Input for this task:
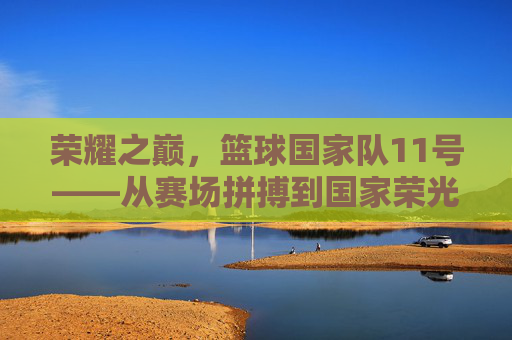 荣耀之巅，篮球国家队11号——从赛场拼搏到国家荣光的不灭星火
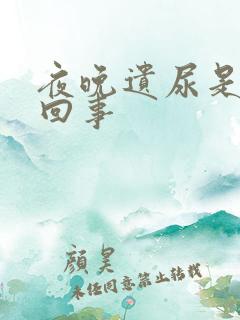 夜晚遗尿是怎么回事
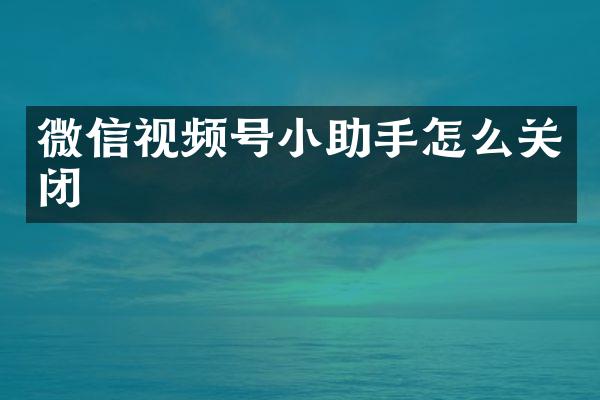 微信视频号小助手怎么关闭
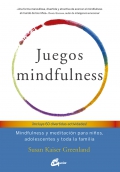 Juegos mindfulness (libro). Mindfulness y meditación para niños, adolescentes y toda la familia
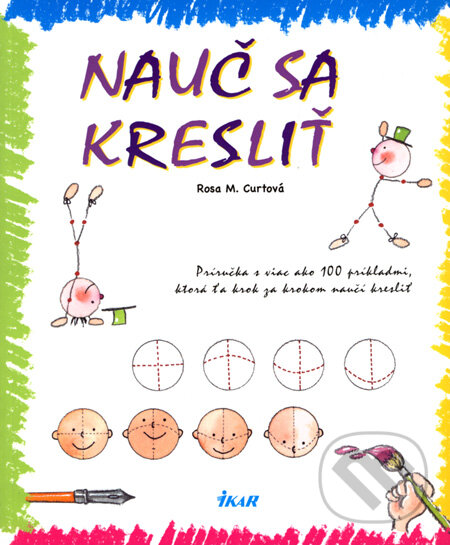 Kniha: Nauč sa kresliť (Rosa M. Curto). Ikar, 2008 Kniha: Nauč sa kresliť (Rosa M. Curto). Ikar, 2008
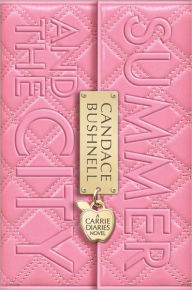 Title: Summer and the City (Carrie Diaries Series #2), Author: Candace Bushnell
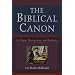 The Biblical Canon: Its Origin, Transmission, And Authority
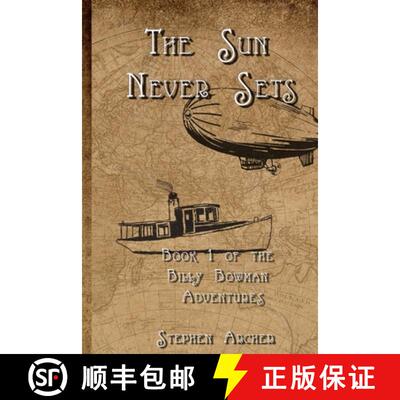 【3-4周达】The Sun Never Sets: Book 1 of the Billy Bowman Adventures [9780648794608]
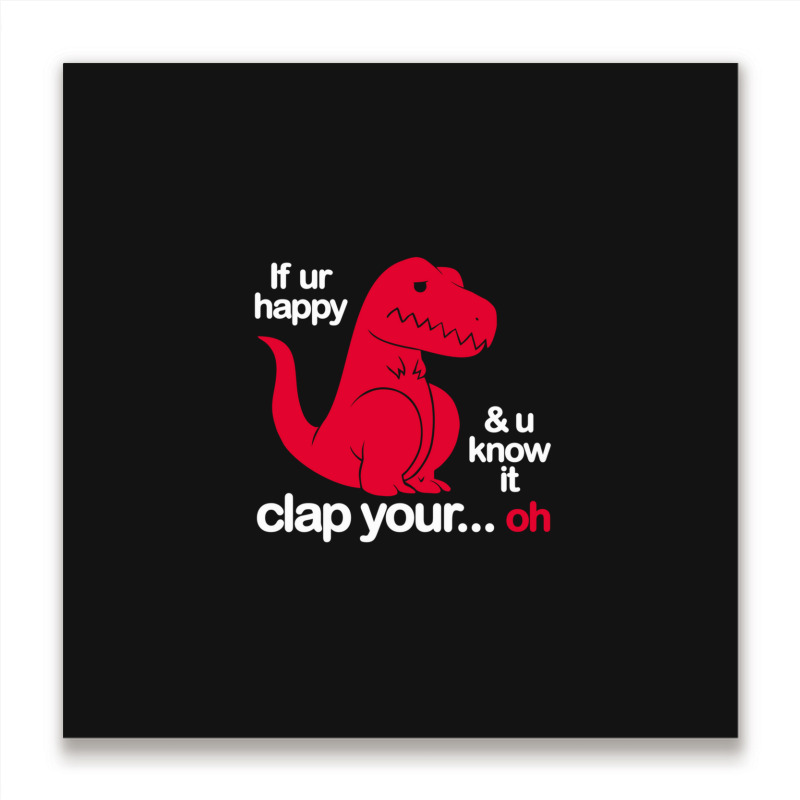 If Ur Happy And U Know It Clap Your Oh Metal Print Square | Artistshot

Problem description: Go to the line above holding "Juegos mindfulness (libro).", then copy exactly each line down to and including the one holding "Title: Summer and", leaving pictures out.

Written solution:
 Juegos mindfulness (libro). Mindfulness y meditación para niños, adolescentes y toda la familia
 Kniha: Nauč sa kresliť (Rosa M. Curto). Ikar, 2008 Kniha: Nauč sa kresliť (Rosa M. Curto). Ikar, 2008
 Title: Summer and the City (Carrie Diaries Series #2), Author: Candace Bushnell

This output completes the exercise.